Molecular heterogeneity of steroid sulfatase deficiency: a multicenter study on 57 unrelated patients, at DNA and protein levels

Abstract

Steroid sulfatase (STS) deficiency is the biochemical defect of X-linked ichthyosis (XLI), one of the most common X-linked disorders. We studied 57 European unrelated patients affected by STS deficiency. Twenty-eight patients were from Italy, 24 from the United Kingdom, 4 from The Netherlands, and 1 from Denmark. In two families XLI was associated with Kallmann syndrome (hypogonadotropic hypogonadism and anosmia). STS enzymatic activity was profoundly deficient in all cases. Direct DNA analysis, using cDNA and genomic probes from the STS gene and linked regions, demonstrated heterogeneity of the molecular defect. Forty-eight patients (84%) showed a deletion of the STS gene. In 44 cases the deletion also involved the STS flanking locus DXS237. In 1 patient a partial deletion of the STS gene was detected and in 9 patients no evidence of deletion was found.
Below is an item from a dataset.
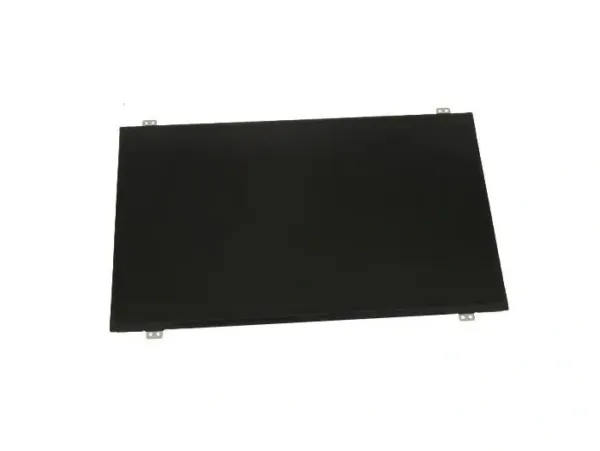dvm2d dell 14 inch wxga hd led lcd laptop screen for inspiron 14 65987490f1204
Locus DXS31 (probe M1A), previously mapped to Xp22.3-pter, was not deleted either in 24 patients with X-linked ichthyosis or in two families with X-linked ichthyosis associated with Kallmann syndrome. Consequently, the following loci order could be suggested: telomere--DXS31--(DXS237, STS)--Kallmann--centromere. Immunoblotting experiments, performed using anti-STS polyclonal antibodies, revealed the absence of cross-reacting material to STS in all cases tested, including 4 patients without evidence of deletions.